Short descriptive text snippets
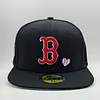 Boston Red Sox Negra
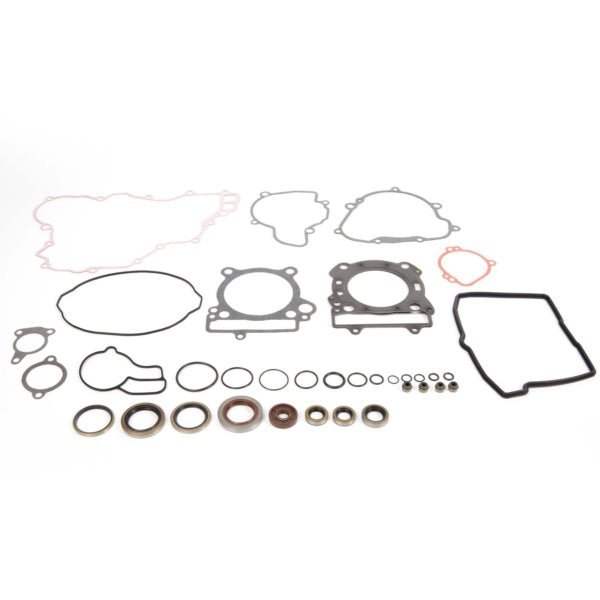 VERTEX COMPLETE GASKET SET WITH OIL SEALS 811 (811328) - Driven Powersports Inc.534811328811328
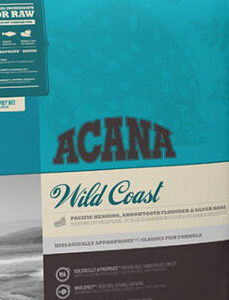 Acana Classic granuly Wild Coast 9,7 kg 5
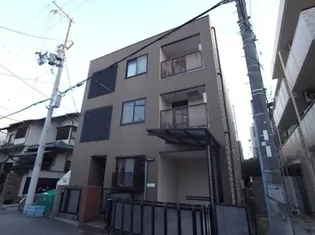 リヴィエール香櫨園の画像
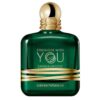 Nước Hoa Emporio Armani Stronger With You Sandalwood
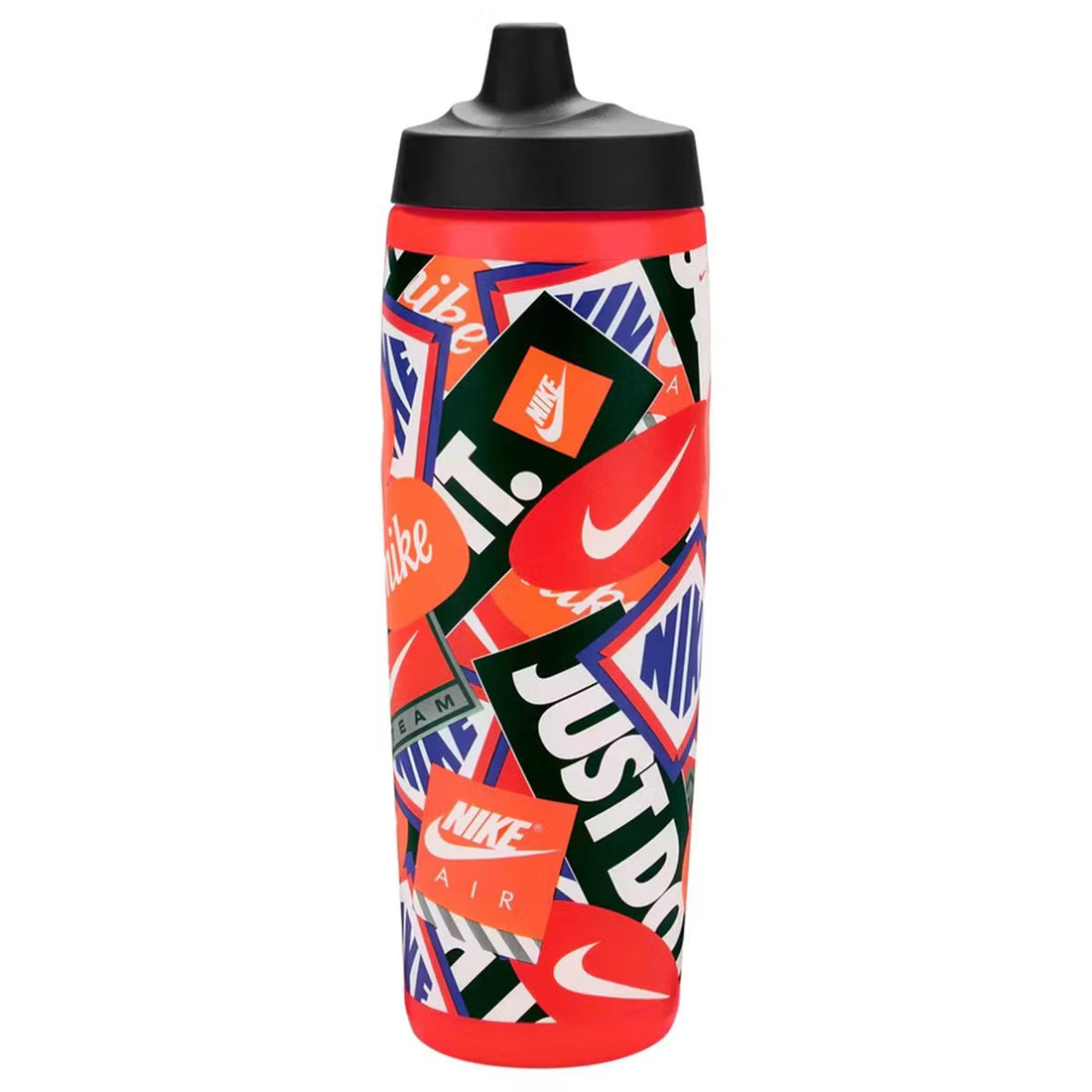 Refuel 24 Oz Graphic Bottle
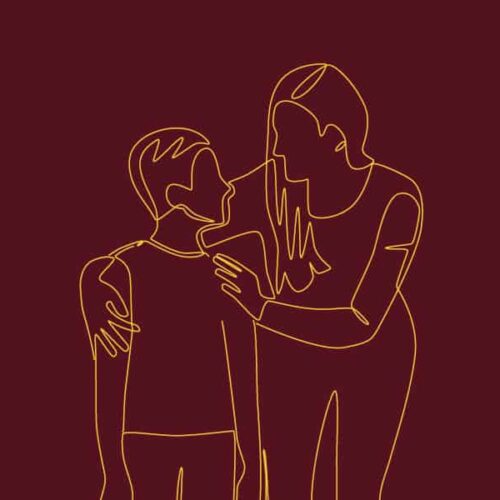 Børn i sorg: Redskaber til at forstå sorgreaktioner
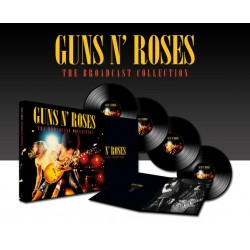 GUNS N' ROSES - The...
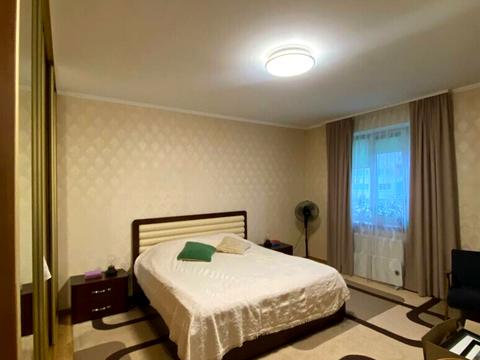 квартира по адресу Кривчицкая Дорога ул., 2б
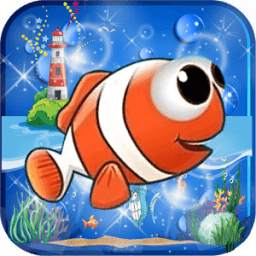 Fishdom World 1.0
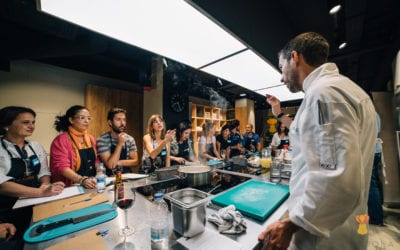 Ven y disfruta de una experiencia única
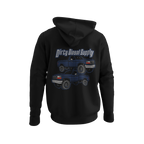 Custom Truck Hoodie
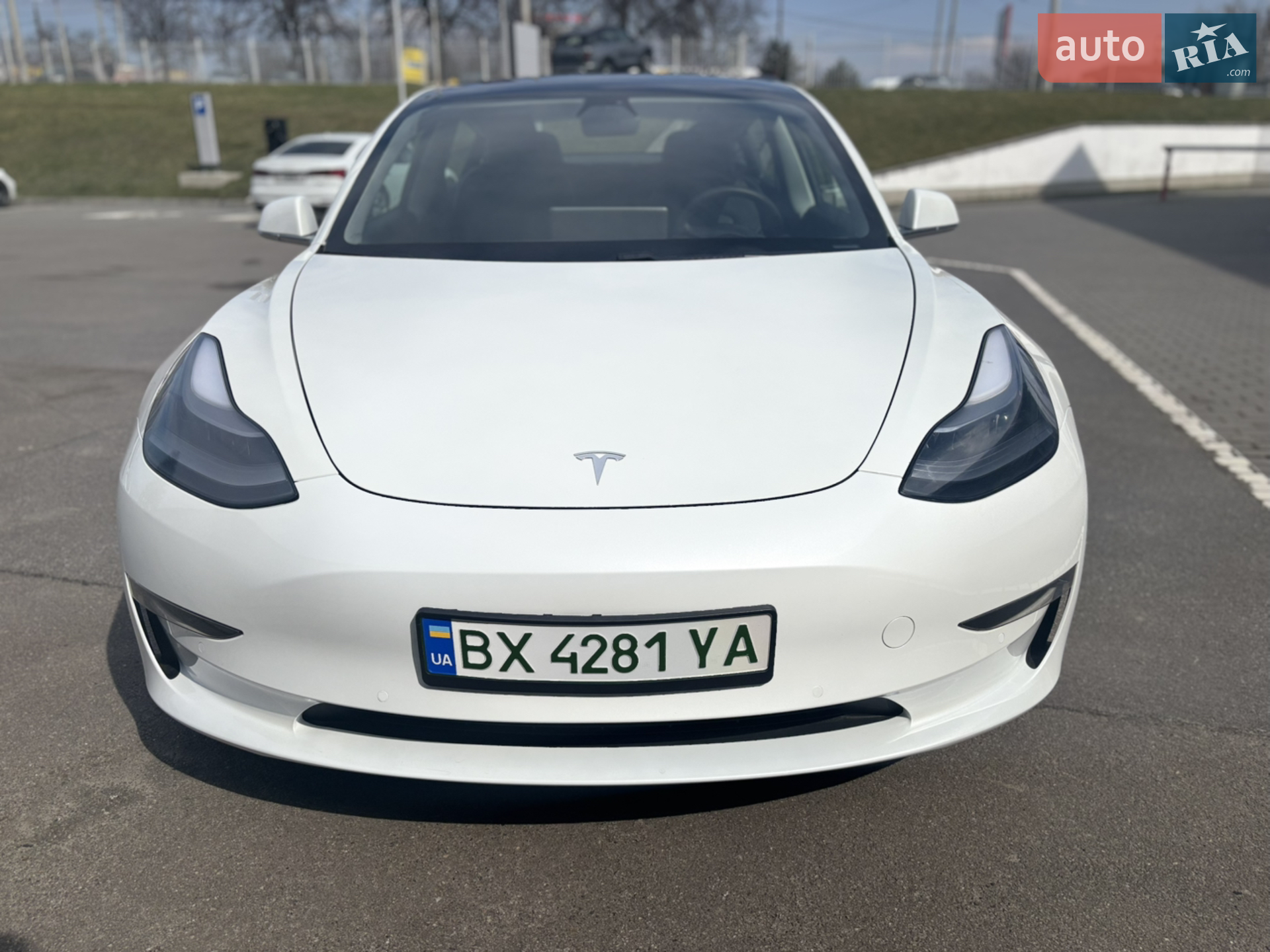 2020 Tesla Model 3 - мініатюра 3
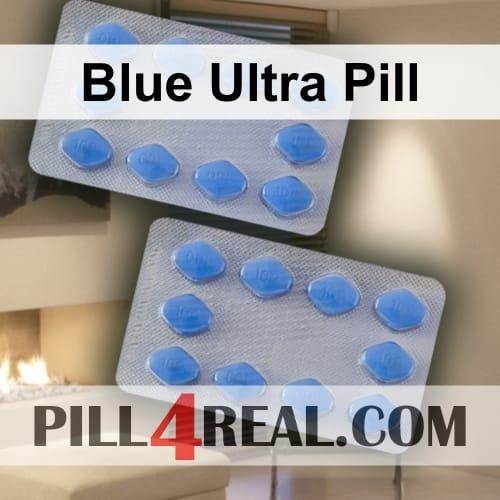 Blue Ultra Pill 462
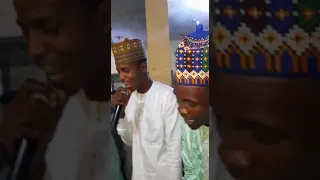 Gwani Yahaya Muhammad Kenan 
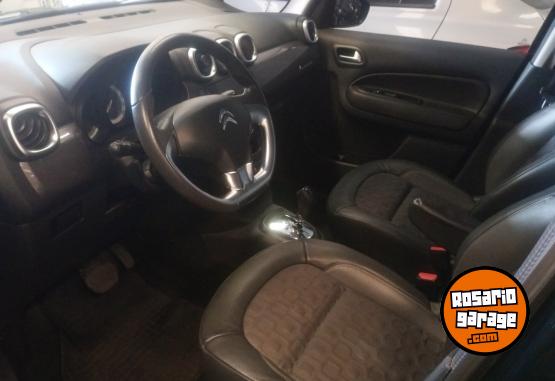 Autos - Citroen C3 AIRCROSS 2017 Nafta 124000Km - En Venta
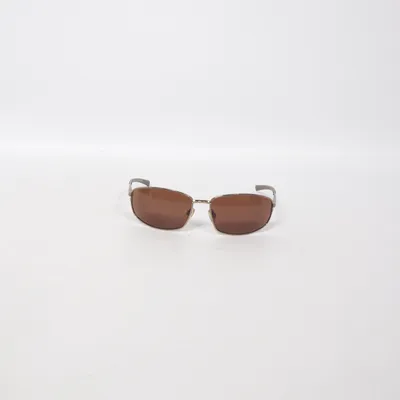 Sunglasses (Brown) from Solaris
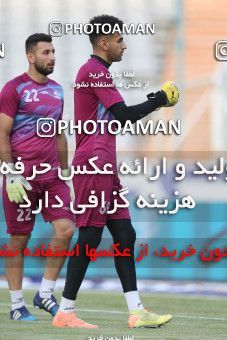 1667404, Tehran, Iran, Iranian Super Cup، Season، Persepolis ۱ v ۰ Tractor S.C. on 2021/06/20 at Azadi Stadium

• **WHAT NEEDS TO BE DONE**
Please print the records above word for word, leaving every image out.

• **WRITTEN REPLY**
 Boston Red Sox Negra
 VERTEX COMPLETE GASKET SET WITH OIL SEALS 811 (811328) - Driven Powersports Inc.534811328811328
 Acana Classic granuly Wild Coast 9,7 kg 5
 リヴィエール香櫨園の画像
 Nước Hoa Emporio Armani Stronger With You Sandalwood
 Refuel 24 Oz Graphic Bottle
 Børn i sorg: Redskaber til at forstå sorgreaktioner
 GUNS N' ROSES - The...
 квартира по адресу Кривчицкая Дорога ул., 2б
 Fishdom World 1.0
 Ven y disfruta de una experiencia única
 Custom Truck Hoodie
 2020 Tesla Model 3 - мініатюра 3
 Blue Ultra Pill 462
 Gwani Yahaya Muhammad Kenan 
 Autos - Citroen C3 AIRCROSS 2017 Nafta 124000Km - En Venta
 Sunglasses (Brown) from Solaris
 1667404, Tehran, Iran, Iranian Super Cup، Season، Persepolis ۱ v ۰ Tractor S.C. on 2021/06/20 at Azadi Stadium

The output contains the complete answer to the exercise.